You also missed Glitterdust (area effect blindness on a will save) and Web (low level battlefield control).

Glitterdust is probably the best of the bunch at the levels you're talking about though web is in the same ballpark provided that there are anchor points in the environment.

Scorching ray doesn't really get good until 7th level. Until that point, Flaming Sphere is often better.


----------



## Urbanmech

Alter Self is one of the most useful 2nd lv wizard spells.  Sure you can't fly with it anymore (unless you play FR) but it does allow you to breath underwater, swim, gain a +6 natural armor bonus and the list just keeps going on.


----------



## Thanee

I voted See Invisibility and Other (leave one slot free for utility). 3rd one would be any useful combat spell, probably.

Bye
Thanee


----------



## shilsen

My two favorite ones are Glitterdust and Alter Self.


----------



## Lord Pendragon

I picked _Alter Self_ and _Scorching Ray_, but I'd have added _Glitterdust_ in a second, if it were an option.  It's not only anti-_Invisibility_ but a replacement _Blindness_ as well.  Very useful.


----------



## The Souljourner

Glitterdust, Alter Self, and False Life!  Sure sure, scorching ray, whatever.  I'd almost rather have a silent, stilled, or widened magic missile.

-The Souljourner


----------



## Hypersmurf

The Souljourner said:
			
		

> I'd almost rather have a silent, stilled, or widened magic missile.
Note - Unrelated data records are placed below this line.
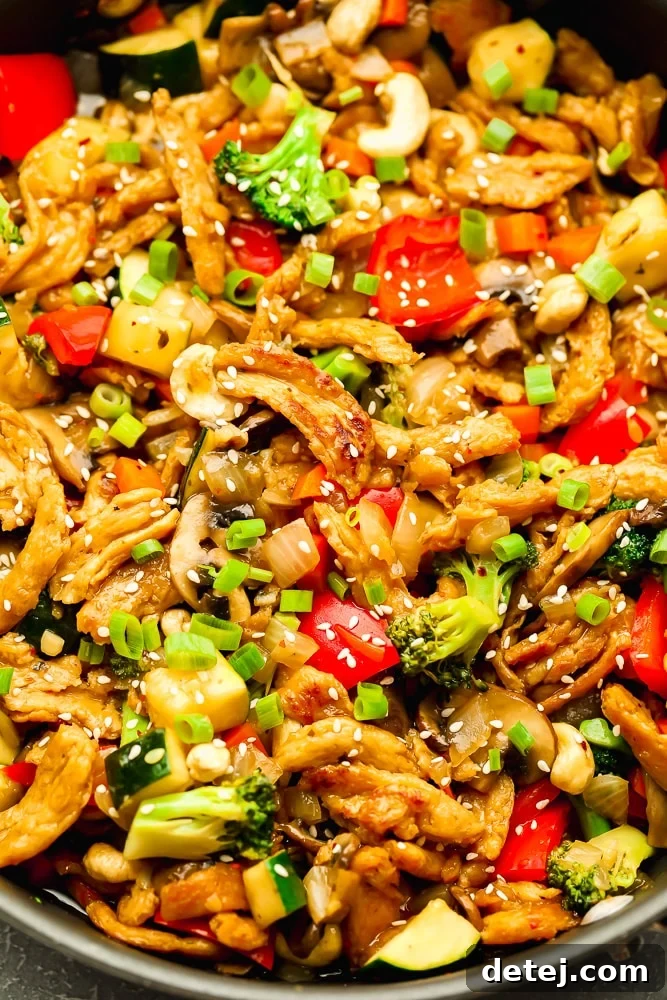 large platter with cooked stir fry veggies and soy curls, garnished with sesame seeds and green onions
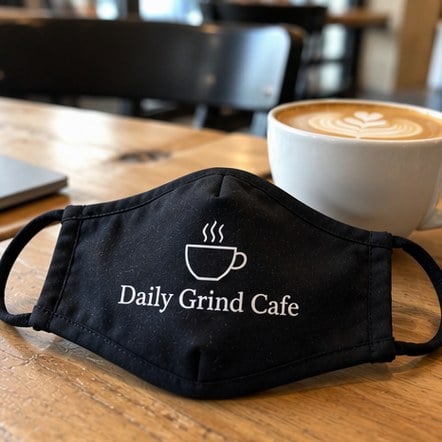 Custom face mask on a cafe table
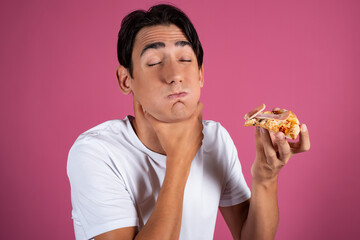 Portrait of a hungry guy in a white shirt with a piece of pizza. Pink background. Fast food.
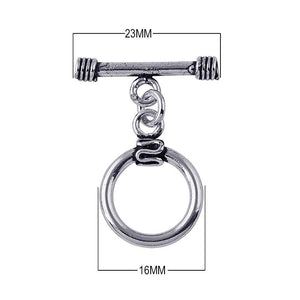 Silver Overlay round toggle clasp with polished finish and bar closure, wholesale jewelry finding for necklaces and bracelets.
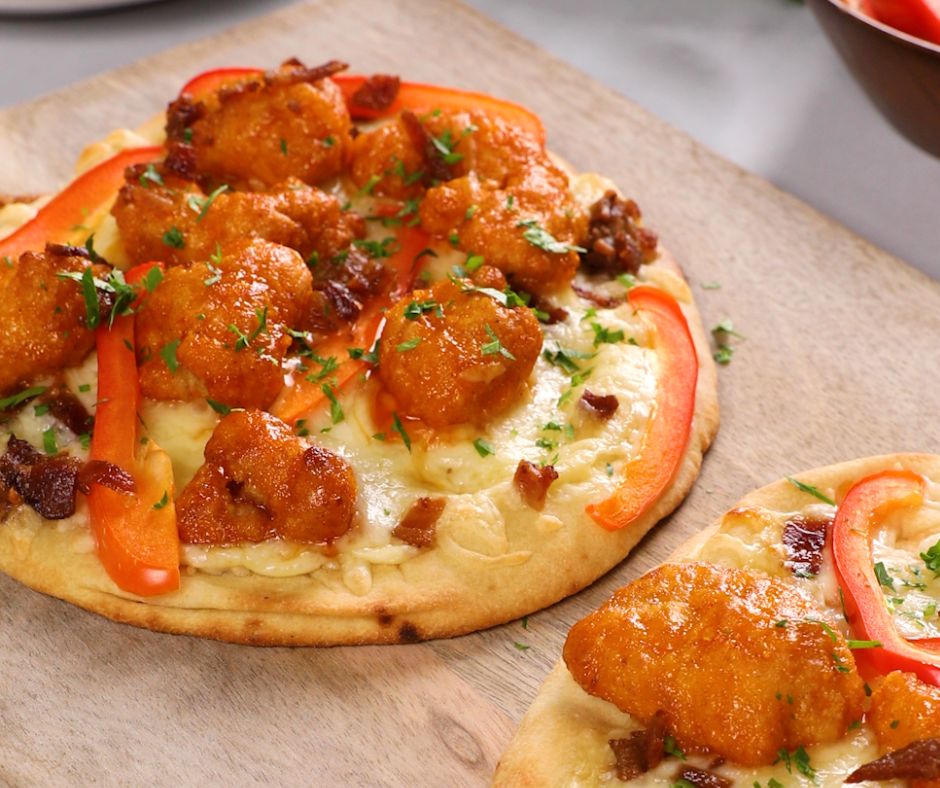 an orange chicken and bacon flatbread pizza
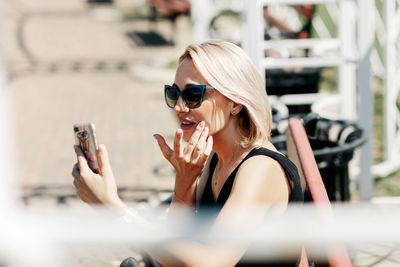 A young woman takes a selfie sitting on a park bench, adjusts her makeup and hairstyle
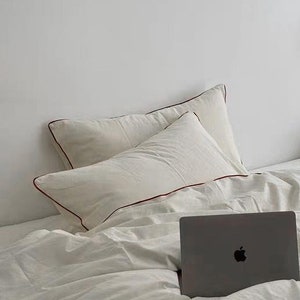 May include: A white bed with a white duvet cover and two white pillows. A laptop computer is on the bed. A white lamp with a white shade is on a white shelf in the background.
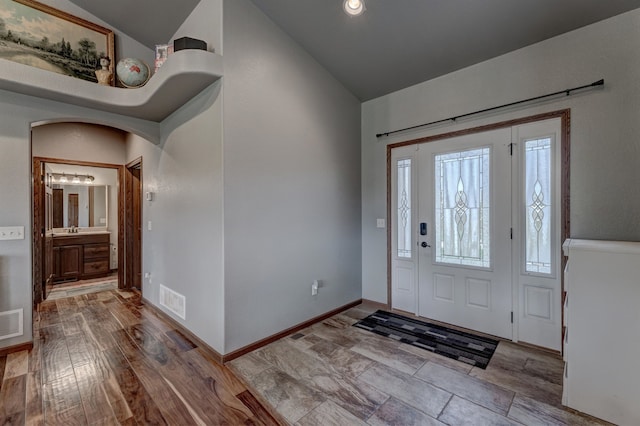 entryway with light hardwood / wood-style flooring, lofted ceiling, and sink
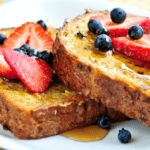 French toast with syrup, strawberries, and blueberries.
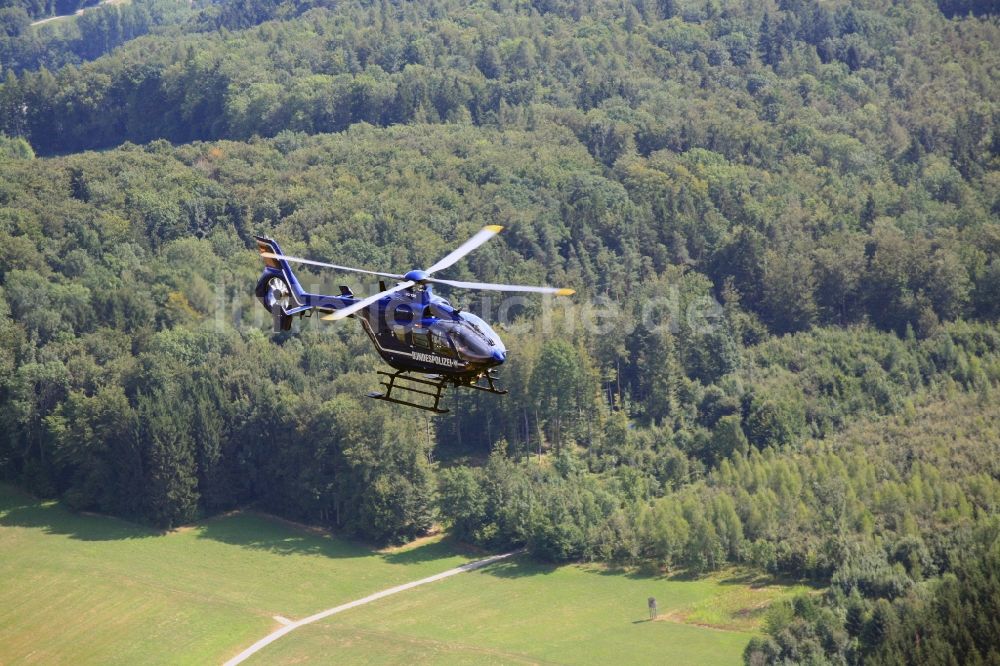 Rheinfelden (Baden) aus der Vogelperspektive: Polizeihubschrauber Helikopter - Hubschrauber EC 135 der Bundespolizei D-HVBD im Fluge über dem Luftraum in Rheinfelden (Baden) im Bundesland Baden-Württemberg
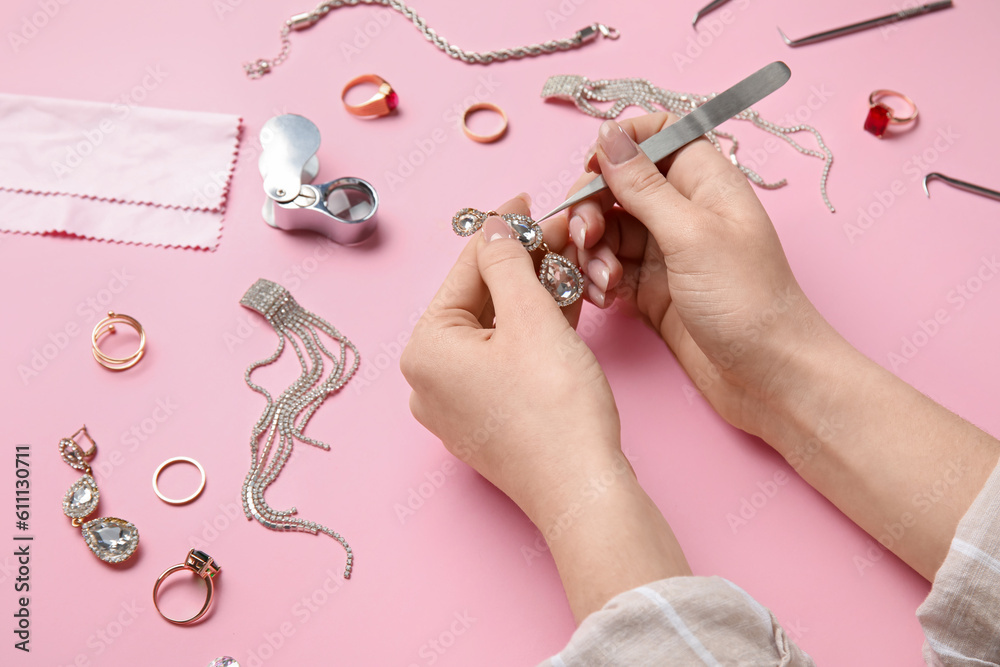 Woman cleaning beautiful earring on pink background, closeup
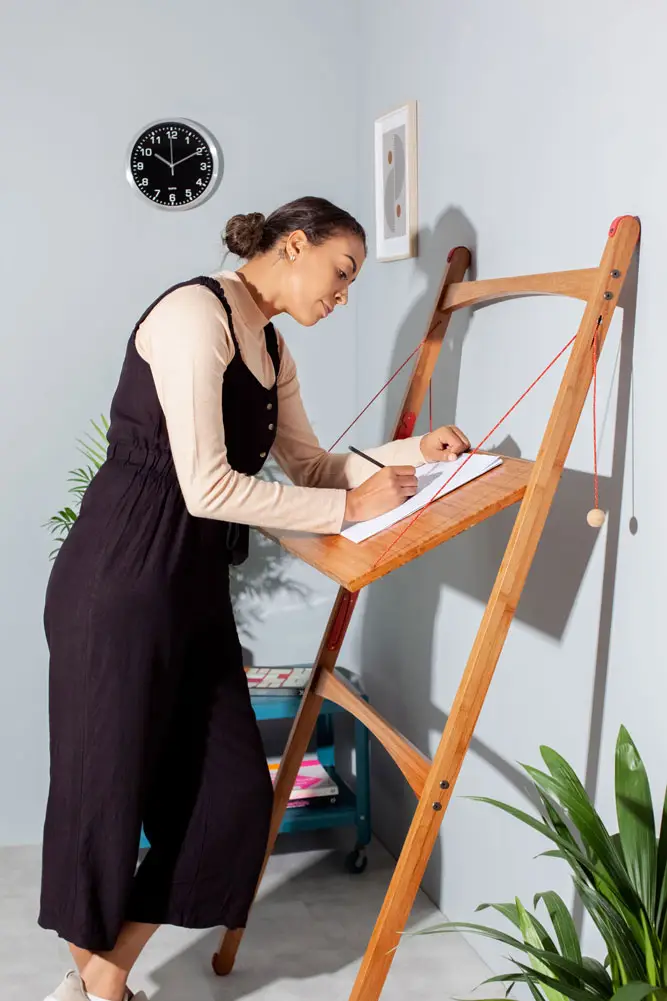 Adjustable angle folding desk for artists set up for drawing and sketching in a minimal home studio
You can't Widen a Magic Missile...!

"You can alter a _burst, emanation, line, or spread shaped spell_ to increase its area..."

I convinced our party Conjurer to take Glitterdust at 3rd level.  We're about to hit 6th, and he still glares at me sometimes, because he hasn't cast it yet.

It's not _my_ fault if he can't find a use for one of the best 2nd level spells around!

-Hyp.


----------



## The Souljourner

Sorry... meant enlarge.... I couldn't remember which was which, since both sound like they increase the area.  You'd think they could have come up with a better name for a range increasing feat.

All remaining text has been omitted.